Drill-Down Monitoring of Database Servers
Introduction
Editor's Note
This material is extracted from Chapter 21 of Configuring and Tuning Databases on the Solaris Platform, by Allan N. Packer, (c) 2002, Sun Microsystems Press (ISBN 0-13-083417-3). Chapter 22, Monitoring and Tuning Oracle, will be presented in the July and August 2002 editions of Sun BluePrintsTM OnLine.
The time has come. Armed only with your wits, a little common sense, and some basic system knowledge, you're going to crack the performance problem bedevilling your database server. You roll up your sleeves and seat yourself firmly in front of a keyboard. A cluster of slightly awed colleagues watches wide-eyed over your shoulder.
OK, perhaps I'm getting a bit carried away here.

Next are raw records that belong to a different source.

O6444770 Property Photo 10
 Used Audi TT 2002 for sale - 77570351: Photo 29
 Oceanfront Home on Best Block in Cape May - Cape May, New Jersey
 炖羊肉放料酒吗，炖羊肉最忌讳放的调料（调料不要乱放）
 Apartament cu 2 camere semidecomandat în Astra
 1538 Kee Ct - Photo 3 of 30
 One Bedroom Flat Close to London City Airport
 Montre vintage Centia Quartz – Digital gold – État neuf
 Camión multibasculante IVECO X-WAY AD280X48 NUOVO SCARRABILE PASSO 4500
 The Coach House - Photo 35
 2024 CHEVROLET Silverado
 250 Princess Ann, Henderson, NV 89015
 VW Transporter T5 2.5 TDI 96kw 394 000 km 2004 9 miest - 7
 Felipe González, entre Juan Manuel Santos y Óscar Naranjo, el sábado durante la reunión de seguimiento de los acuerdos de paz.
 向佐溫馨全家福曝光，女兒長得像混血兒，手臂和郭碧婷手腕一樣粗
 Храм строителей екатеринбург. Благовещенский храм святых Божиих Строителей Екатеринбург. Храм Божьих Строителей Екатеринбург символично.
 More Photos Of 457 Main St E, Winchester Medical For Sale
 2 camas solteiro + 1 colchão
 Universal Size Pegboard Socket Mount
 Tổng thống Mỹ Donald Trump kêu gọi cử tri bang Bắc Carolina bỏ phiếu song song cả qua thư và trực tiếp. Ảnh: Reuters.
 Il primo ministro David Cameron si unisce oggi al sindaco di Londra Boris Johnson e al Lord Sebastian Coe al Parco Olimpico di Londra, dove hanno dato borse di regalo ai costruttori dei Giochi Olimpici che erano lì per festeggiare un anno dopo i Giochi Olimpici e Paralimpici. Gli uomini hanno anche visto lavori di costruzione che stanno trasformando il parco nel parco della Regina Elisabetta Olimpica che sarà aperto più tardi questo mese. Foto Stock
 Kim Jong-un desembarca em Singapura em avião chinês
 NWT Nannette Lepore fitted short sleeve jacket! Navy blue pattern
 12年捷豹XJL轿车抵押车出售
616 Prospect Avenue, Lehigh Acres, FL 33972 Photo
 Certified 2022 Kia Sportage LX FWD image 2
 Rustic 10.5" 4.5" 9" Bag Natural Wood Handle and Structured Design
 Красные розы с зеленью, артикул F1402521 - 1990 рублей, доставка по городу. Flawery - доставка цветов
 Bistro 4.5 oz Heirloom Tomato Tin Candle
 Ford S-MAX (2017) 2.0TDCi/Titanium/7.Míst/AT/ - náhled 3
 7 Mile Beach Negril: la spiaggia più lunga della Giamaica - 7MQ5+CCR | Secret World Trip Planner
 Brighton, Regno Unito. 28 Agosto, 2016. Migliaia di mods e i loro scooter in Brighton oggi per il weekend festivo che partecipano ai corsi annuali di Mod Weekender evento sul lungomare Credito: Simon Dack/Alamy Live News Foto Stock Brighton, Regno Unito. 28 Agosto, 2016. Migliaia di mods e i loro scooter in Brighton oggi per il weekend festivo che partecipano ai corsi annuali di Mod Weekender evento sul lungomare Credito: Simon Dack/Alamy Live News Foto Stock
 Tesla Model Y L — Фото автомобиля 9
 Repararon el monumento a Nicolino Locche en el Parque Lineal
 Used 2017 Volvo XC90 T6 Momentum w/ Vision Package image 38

Suffice it to say that the aim of this chapter is to develop a simple method for identifying performance problems on database servers.
I'm assuming you have already looked at the issues affecting server performance (covered in earlier chapters of Configuring and Tuning Databases on the Solaris Platform). Your application's behavior is well understood and consultants in small doses have already done wonders with application performance. You've done what you can to fix any database schema design problems and the addition of a couple of crucial indexes has already calmed the users down a little.
You've checked out obscure things like environment variables and racked your brains for other issues that might need attention. But performance problems still persist. Perhaps you need to upgrade your hardware, but at this point you're not sure.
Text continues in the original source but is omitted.